Most people who have seen the fan-produced version of this movie, subtitled "The Recobbled Cut," agree that in its originally-intended form The Thief and the Cobbler would have been gorgeous. As it is, this legendary unfinished film has had a wide influence on other projects -- most notably the Disney film Aladdin, which lifts heavily from the film's overall look and character designs (many Disney animators worked with Williams on Roger Rabbit), and on the Tomm Moore film The Secret of Kells in its approach to character and set designs based on traditional regional art.
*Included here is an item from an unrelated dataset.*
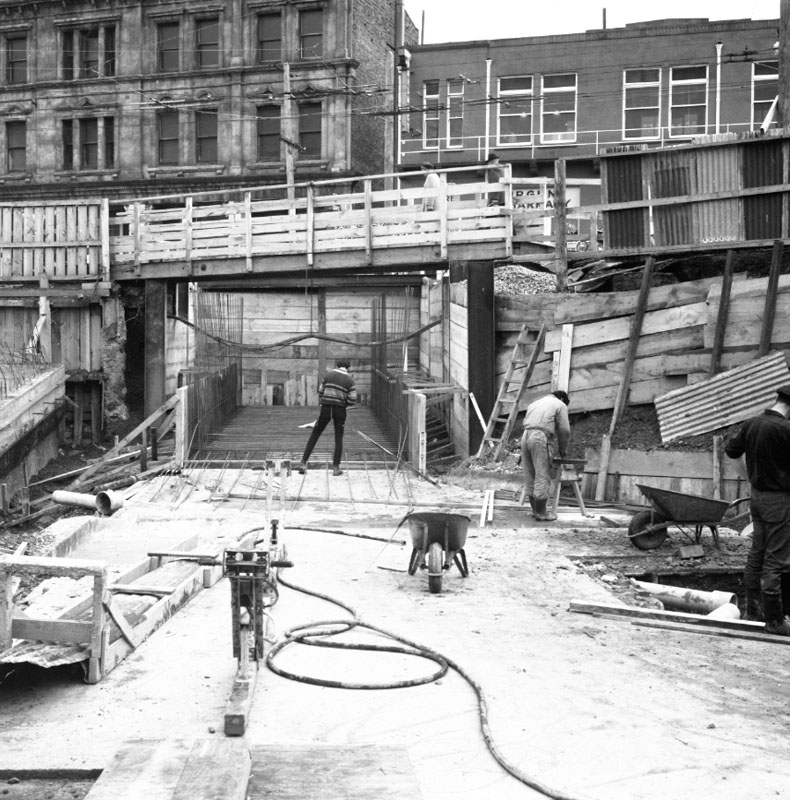 b. Pedestrian subway, Lambton Quay to Railway Station
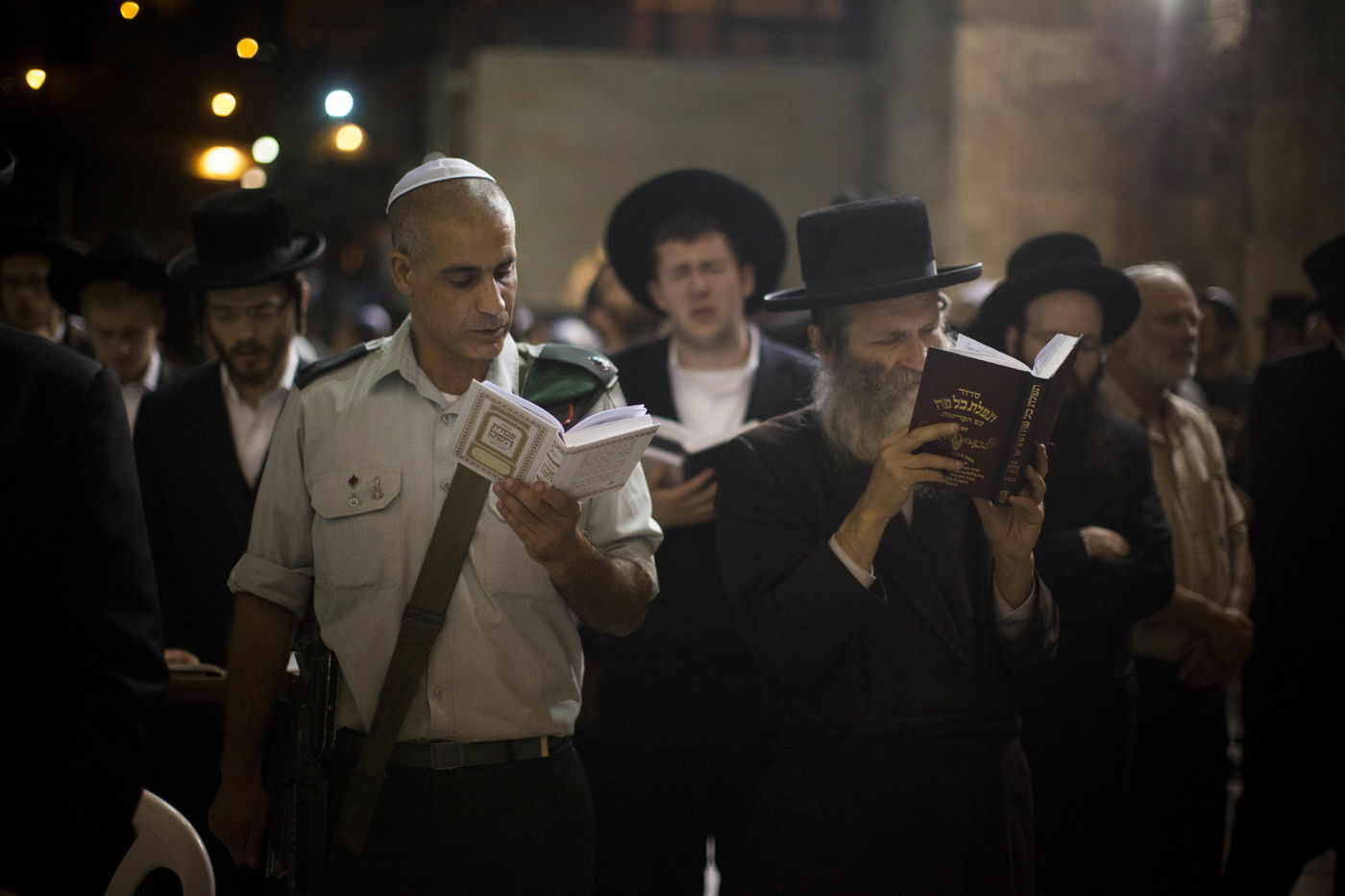 ערב ראש השנה: מבקשים סליחה בכותל המערבי • צפו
I recognize that in many ways Richard Williams shot himself in the foot.  He'd gotten used to years of working slowly on his masterpiece, but hadn't properly geared himself up to finish it.  But he also made the mistake of throwing in his lot with people who didn't (and frankly couldn't) see the project in the same light he did.  He was busy creating an animated artwork, while the studio saw only a cartoon product it could package and sell.  And the world is worse off for what the studio ended up doing to his creation.  (I know there are fans of the movie as it currently exists who read my blog, so humblest apologies if my opinion offends you.)

Here's the thing: I know there are opportunities I've missed, things I've let slip by.  There are plenty of people who recognize this as one of my personal failings.  But why does no one stop to think that it works both ways -- that (not to sound too cocky here) perhaps there are people who missed out on collaborating with me because they were in too much of a hurry to let me work at my own pace?

Just a thought.  And, as usual, one that took several hours to articulate.  But that's how I roll.